Мы с братом по весне ходили на колхозные поля и выкапывали прошлогоднюю картошку, мама прокручивала ее через мясорубку, делала оладушки. Так мы отца и вытянули: через год он стал видеть, ходить на костылях. Речь вернулась, но до конца жизни он заикался и ходил с палочкой. Очень худой был, похож на Чехова. В тот год, когда он умер, я нарисовал его портрет.
– Петь вы начали, потому что дома много пели. А к рисованию кто вас пристрастил?
– Мне нравилось срисовывать с книг. А потом… У нас в Еманжелинке в клубе «Горняк» была хорошая самодеятельность, я там в хоре пел. Сначала просто пел, потом стал запевалой, а потом и сольные концерты давал – под баян пел народные песни. Баянист у нас прекрасный был, Александр Кузьмич Юшин. Слухач! Всё на слух играл, в любой тональности! Ездили с концертами по деревням.
А кружок изо в клубе вел Данила Данилович Лидер. В поселке было много сосланных советских немцев: в основном с Поволжья, но не только. Данила Данилович один из них, закончил в Ленинграде три курса Академии художеств. Сначала он работал в шахте, уголь грузил, а когда узнали, что он художник, его оттуда вытащили и сделали главным художником клуба. Он рисовал сухой кистью портреты вождей. Очень талантливый был! Умнейший человек!

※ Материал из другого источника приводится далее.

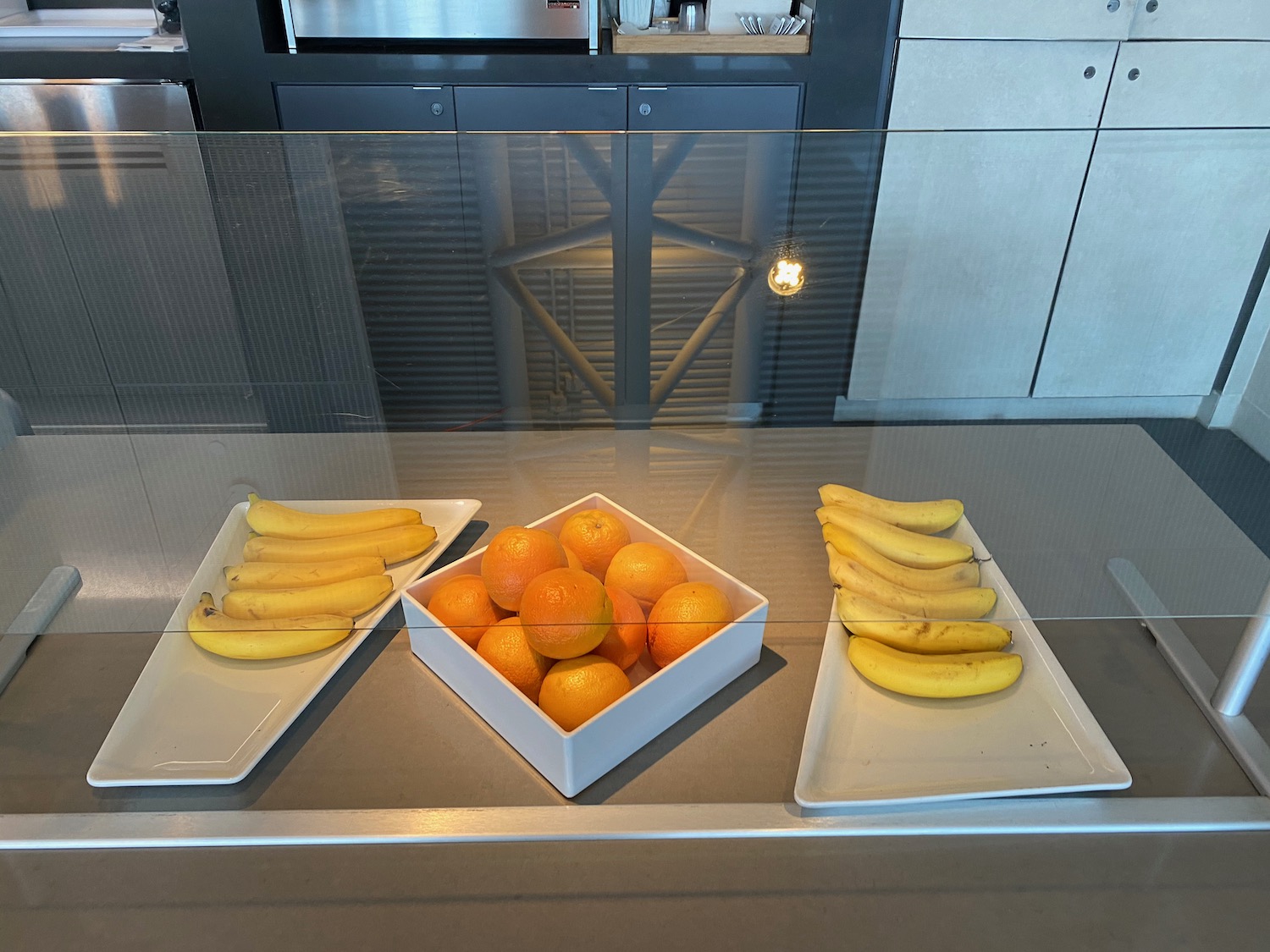 a group of bananas and oranges on plates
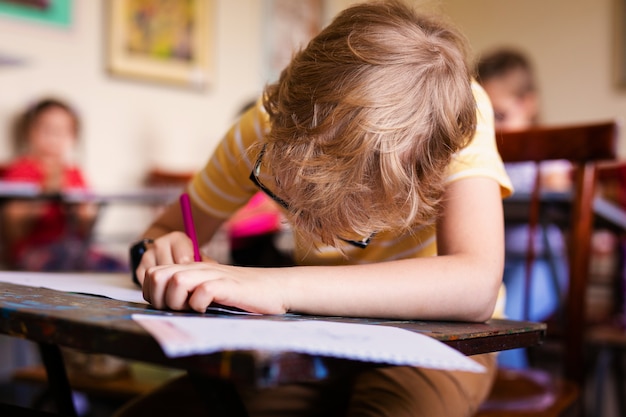 Blondejongen met glazen het trekken. Groep basisschoolleerlingen in klaslokaal op kunstklasse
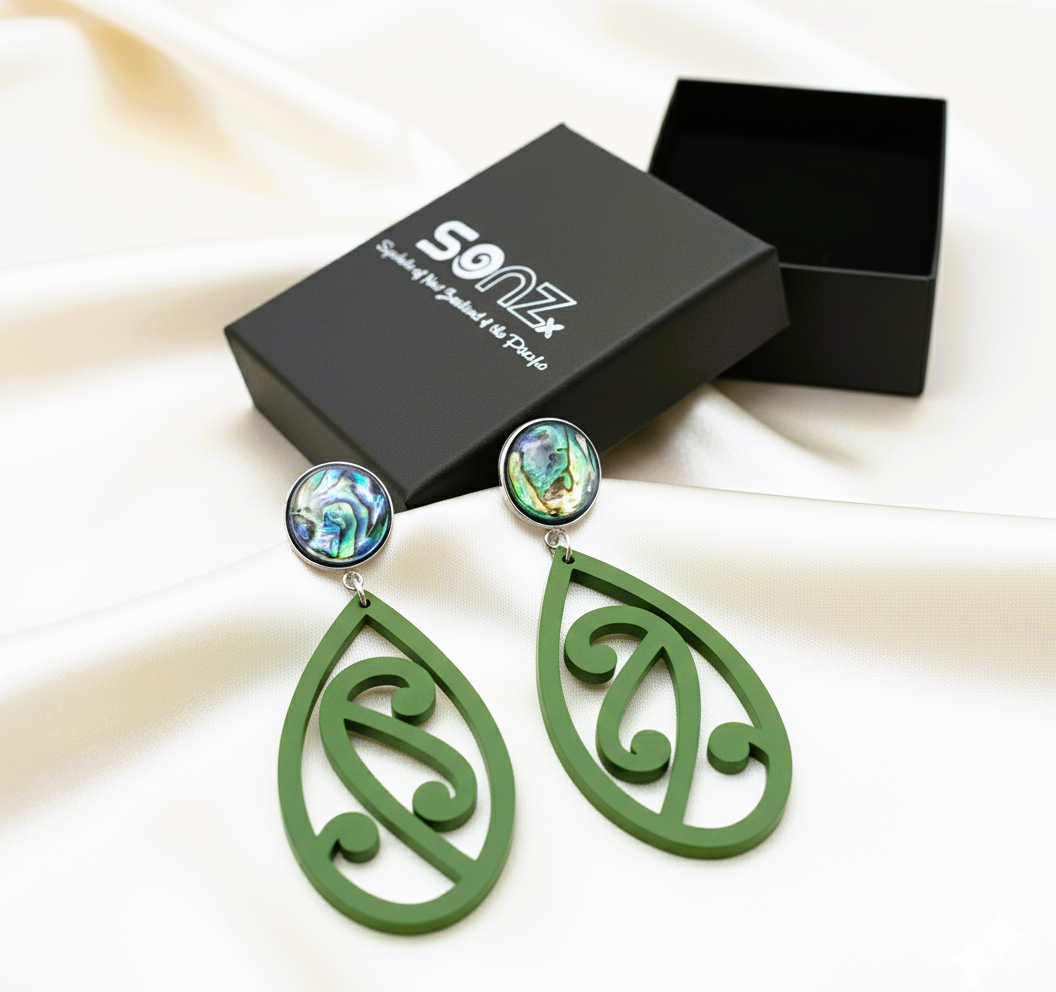 Pītau Pāua earrings in SoNZ gift box on silk; pounamu satin teardrops with pāua studs.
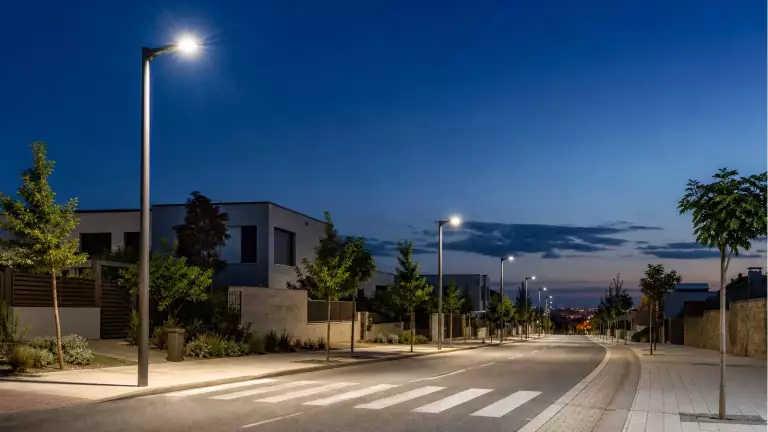 Farolas viales LED iluminando una calle residencial al anochecer Farolas viales LED iluminando una calle residencial al anochecer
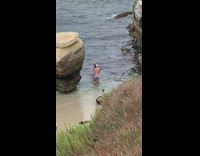 Guy black polo shirt beside rock beach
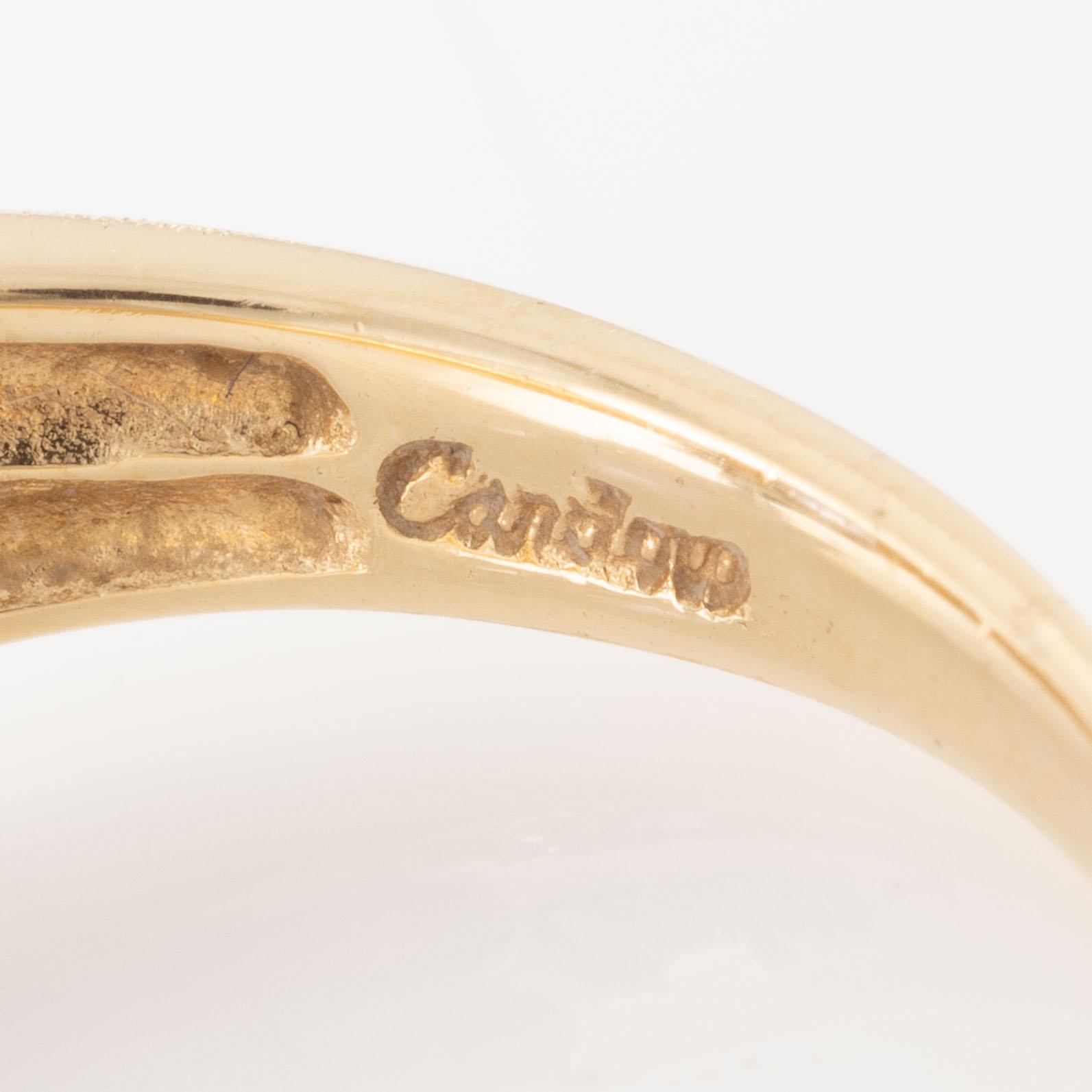 Ring, 14K gold with tanzanite and brilliant-cut diamonds.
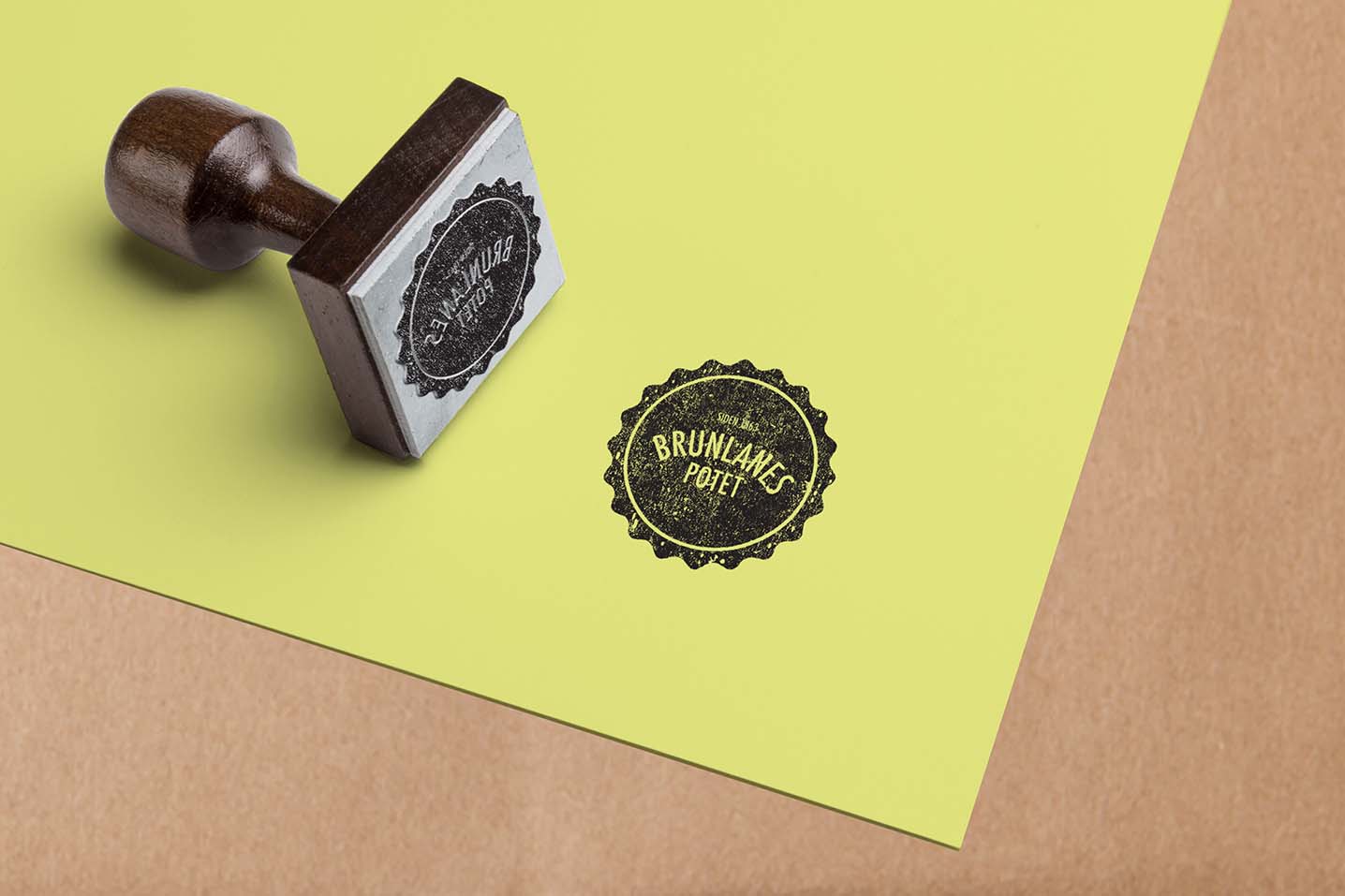 Gult ark på beige bakgrunn med sort stempel. Stempelet er en sirkel med teksten Brunlanespotet siden 1863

А.Ведерников. Портрет композитора Г. Свиридова
Я и к нему в кружок ходил: сначала натюрморты рисовали, потом и портреты. Много я от него перенял. Жил он в комнате при клубе, там же работал, и я часто приходил к нему с утра, смотрел, как он рисует. Порисует, а потом попросит: «Попой мне». Садился в зале, и я ему со сцены пел народные песни. Данила Данилович и сказал мне: «Саша, у тебя певческий талант!»
Меня почему-то всегда влекло к людям, которые занимаются искусством.
– Но свое будущее вы тогда с искусством не связывали?
– Сначала даже не думал. Просто для удовольствия пел и рисовал, а учился тогда в горном техникуме. Там, в Еманжелинке, самые большие угольные разрезы, вот в Коркино и был техникум, где готовили кадры. На поезде мы туда ездили. Других учебных заведений поблизости не было, поэтому поступил туда.
Когда я учился на третьем курсе, отец уже вернулся, восстанавливался и начал работать. Один из его объектов был в Коркино. И вот, помню, шли мы из Коркино по шпалам, и я говорю: «Хочу пением заниматься или в художники пойду». А он мне: «Пока не кончишь техникум, даже не думай». – «Почему?» – «Ты посмотри, какие зарплаты у тех, кто работает в шахтах, в разрезе. Они мешками деньги таскают». Я говорю: «Мне это не нужно». «Тебе не нужно, а семья? Кто будет нас с матерью кормить, детей наших?» У них кроме меня еще двое детей было, я старший.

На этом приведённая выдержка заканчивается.